File: 1681485277429.jpg ( 62.53 KB , 900x500 , ancient comp.jpg )

 No.12079[Reply]

I'll start with a few examples:

>Proprietary Software can be secure

This is a slight of hand. In theory proprietary Software can of course be secure, but in praxis there is no way for you to find out which proprietary software is or isn't secure. So from the perspective of the user proprietary software can't be considered secure because there's no reliable way to tell.

>Proprietary Software is harder to hack because the source-code isn't open

This is a security by obscurity fallacy, that for some inexplicable reason is still in circulation. Exploitable software bugs are usually found by examining the behavior of executable binaries not the source code.

>Open source is secure

Not by default, there is no automatic security-magic in publishing code on git-hub/lab. However open-sourcing code means that it can be subjected to broad public scrutiny and hence it becomes possible for the users to know which software is or isn't secure.
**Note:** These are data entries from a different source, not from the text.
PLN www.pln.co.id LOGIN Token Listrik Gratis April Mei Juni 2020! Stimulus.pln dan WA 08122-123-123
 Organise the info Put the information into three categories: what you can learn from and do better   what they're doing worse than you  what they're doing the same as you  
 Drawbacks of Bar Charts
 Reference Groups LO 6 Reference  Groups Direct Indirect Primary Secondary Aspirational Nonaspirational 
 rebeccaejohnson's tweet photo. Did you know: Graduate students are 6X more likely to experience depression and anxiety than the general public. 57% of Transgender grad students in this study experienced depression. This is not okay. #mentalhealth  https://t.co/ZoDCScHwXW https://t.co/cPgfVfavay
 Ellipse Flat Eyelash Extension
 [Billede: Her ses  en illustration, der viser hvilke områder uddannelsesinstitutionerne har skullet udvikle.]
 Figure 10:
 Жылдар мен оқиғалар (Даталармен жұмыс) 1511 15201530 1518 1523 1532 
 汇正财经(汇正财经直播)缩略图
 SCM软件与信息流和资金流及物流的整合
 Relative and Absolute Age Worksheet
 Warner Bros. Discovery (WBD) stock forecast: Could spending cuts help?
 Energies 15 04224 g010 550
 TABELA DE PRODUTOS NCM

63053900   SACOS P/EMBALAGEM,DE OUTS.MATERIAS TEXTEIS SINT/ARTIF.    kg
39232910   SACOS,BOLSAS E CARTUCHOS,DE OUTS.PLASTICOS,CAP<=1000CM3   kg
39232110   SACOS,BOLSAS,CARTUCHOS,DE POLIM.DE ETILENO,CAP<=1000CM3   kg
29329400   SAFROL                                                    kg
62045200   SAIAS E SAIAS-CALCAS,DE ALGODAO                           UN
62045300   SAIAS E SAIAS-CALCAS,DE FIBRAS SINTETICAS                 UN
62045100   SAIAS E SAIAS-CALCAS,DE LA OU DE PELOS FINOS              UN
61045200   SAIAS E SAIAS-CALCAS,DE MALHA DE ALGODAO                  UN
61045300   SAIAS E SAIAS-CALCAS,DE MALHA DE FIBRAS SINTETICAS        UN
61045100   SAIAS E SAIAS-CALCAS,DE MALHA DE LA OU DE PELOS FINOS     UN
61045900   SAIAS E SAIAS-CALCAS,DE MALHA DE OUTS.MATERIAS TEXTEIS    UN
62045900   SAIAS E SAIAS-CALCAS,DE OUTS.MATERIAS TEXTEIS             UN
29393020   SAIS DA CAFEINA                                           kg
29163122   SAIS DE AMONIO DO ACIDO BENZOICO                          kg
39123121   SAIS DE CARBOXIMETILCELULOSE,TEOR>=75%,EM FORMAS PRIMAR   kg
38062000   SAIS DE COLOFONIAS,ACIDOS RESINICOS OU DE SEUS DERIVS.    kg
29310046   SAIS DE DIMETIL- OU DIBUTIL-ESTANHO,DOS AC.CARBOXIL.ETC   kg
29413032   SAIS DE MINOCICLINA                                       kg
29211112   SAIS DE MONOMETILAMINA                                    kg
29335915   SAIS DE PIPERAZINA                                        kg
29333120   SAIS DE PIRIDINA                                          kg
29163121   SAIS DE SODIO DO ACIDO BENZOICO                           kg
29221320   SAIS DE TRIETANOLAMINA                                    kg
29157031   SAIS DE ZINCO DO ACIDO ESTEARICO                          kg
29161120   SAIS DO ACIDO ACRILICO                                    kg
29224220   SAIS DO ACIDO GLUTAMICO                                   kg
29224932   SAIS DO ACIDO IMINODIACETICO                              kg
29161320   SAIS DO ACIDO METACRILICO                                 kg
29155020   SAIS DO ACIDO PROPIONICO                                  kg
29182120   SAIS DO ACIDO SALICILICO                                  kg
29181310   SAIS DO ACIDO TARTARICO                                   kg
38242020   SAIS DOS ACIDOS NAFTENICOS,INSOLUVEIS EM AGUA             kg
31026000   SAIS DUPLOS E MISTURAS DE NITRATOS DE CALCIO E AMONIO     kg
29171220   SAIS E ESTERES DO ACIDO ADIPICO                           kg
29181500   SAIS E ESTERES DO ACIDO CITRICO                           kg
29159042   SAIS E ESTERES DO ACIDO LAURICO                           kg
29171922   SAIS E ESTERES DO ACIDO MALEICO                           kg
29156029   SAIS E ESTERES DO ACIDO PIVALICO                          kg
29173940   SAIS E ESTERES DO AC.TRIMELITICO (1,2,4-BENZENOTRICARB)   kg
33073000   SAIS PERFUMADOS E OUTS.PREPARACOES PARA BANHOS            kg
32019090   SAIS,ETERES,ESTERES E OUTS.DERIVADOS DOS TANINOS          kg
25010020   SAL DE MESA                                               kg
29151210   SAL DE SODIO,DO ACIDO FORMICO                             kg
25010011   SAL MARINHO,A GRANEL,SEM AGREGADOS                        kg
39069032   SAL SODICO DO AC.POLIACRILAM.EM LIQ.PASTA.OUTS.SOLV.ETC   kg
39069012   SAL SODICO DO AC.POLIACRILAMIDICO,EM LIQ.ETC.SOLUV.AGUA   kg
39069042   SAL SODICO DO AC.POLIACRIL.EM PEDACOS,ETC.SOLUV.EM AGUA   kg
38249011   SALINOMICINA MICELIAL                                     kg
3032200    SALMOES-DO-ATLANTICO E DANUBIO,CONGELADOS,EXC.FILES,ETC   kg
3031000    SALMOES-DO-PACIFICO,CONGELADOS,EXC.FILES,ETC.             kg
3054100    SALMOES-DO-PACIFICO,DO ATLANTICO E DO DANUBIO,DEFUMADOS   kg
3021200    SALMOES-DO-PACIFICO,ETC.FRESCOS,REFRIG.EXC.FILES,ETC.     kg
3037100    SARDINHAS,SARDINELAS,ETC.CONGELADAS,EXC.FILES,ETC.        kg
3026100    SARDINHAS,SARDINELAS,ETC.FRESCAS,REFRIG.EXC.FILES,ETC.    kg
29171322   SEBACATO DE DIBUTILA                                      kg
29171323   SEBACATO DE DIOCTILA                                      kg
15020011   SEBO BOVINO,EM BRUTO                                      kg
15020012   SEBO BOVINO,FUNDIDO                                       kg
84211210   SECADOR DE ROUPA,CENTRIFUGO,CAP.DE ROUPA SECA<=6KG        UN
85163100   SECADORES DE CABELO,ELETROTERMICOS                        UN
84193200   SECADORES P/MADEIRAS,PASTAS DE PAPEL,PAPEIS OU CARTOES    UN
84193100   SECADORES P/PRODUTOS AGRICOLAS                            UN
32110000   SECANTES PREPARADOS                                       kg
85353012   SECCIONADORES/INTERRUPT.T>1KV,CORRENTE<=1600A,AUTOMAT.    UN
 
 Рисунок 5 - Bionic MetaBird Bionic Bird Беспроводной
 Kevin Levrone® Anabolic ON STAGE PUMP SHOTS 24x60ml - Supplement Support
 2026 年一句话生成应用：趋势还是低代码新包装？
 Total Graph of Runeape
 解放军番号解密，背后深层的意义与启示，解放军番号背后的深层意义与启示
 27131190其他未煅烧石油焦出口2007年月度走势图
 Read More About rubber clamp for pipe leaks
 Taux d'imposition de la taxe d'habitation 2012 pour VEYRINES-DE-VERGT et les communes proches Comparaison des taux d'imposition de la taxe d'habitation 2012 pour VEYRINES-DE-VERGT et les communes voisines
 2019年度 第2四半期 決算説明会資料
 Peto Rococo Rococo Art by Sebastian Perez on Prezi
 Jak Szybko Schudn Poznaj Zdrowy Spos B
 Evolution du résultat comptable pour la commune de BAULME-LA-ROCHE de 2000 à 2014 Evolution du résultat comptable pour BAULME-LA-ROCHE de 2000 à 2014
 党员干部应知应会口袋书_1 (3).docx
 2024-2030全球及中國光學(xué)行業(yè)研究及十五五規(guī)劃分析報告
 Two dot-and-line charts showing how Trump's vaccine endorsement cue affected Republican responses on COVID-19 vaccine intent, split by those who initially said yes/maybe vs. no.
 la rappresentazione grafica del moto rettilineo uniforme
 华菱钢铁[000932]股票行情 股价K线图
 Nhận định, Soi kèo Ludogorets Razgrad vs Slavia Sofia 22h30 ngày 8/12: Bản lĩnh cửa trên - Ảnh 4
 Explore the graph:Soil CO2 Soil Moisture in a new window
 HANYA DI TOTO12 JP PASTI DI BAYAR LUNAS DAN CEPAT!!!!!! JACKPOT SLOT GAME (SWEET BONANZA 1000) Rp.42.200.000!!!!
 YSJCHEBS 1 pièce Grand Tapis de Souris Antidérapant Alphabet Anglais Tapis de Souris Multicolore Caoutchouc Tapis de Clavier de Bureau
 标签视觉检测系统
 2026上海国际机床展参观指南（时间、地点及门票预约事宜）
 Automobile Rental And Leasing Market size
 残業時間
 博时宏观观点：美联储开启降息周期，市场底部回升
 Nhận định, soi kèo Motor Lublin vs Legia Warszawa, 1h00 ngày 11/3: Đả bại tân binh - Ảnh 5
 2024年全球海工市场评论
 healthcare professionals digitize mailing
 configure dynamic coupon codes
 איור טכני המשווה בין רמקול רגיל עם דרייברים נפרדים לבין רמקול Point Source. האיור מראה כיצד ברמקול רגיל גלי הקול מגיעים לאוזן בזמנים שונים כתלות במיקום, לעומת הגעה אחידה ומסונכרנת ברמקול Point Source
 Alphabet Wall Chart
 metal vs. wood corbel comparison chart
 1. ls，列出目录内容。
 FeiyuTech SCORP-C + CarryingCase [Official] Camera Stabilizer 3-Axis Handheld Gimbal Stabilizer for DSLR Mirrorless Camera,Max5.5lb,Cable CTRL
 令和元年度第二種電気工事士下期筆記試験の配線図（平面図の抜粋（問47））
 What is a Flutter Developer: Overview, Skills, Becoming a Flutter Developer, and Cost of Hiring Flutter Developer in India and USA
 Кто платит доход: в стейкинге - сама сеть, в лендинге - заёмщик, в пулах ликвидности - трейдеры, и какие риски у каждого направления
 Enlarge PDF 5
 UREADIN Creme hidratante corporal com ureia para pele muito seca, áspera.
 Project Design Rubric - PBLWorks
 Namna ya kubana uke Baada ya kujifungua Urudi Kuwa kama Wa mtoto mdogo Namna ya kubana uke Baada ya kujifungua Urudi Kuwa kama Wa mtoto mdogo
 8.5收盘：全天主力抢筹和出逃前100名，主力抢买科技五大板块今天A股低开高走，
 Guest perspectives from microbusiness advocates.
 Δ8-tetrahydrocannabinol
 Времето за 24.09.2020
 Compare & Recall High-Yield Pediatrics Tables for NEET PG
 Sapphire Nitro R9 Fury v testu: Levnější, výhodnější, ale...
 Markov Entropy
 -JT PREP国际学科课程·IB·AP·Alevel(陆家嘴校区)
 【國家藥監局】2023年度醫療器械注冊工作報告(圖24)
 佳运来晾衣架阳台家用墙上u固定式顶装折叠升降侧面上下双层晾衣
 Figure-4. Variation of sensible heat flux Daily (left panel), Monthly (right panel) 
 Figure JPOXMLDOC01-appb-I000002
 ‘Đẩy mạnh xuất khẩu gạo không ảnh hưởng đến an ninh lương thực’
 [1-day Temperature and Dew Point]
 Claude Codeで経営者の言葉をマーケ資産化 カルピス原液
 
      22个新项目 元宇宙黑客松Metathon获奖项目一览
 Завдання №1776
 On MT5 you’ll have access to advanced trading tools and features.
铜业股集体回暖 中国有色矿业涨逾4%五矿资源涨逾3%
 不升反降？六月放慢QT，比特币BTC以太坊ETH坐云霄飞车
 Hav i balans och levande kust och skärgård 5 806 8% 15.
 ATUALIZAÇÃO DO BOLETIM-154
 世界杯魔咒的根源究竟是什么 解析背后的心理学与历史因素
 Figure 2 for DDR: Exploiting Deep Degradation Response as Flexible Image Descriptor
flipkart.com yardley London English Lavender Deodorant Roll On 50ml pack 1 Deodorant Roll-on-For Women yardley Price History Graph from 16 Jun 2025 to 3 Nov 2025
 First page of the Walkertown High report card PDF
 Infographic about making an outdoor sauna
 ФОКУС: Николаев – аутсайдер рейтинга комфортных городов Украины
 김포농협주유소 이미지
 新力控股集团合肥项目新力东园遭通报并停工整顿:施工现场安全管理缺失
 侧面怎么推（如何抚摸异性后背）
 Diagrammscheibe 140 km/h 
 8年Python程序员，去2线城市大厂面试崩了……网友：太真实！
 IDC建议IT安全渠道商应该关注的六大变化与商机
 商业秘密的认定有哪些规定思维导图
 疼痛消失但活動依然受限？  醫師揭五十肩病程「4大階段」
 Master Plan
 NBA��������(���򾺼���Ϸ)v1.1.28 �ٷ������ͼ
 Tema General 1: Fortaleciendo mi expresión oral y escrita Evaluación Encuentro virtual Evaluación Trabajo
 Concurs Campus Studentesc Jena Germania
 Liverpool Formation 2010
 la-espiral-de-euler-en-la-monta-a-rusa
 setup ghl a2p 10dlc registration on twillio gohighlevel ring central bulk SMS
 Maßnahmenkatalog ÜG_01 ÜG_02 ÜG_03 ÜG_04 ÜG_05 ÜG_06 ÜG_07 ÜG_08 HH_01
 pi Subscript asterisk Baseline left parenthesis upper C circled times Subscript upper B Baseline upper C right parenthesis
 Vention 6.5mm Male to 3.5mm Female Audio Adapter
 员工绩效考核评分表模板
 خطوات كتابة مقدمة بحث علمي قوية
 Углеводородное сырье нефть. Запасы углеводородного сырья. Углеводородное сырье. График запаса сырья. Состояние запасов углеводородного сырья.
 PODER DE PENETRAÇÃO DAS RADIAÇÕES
>Security and privacy are not the same

This fallacy is widely parroted even by the security community. You, the human is a part of your computer security, without privacy, attackers can potentially learn enough about you to figure out psychological hacks to compromise your computer security by tricking you.

>Unbreakable cryptography

This is usually wrong in praxis because it doesn't factor in that most people will give up their cypher-key after the "low-tech-biological-deciphering-algorithm" broke their pinky-finger. Cryptography can only be considered secure if the encrypted-data-vault is obfuscated as random bits on a storage medium so that the existence of the encrypted data can be denied.
4 posts and 2 image replies omitted. Click reply to view.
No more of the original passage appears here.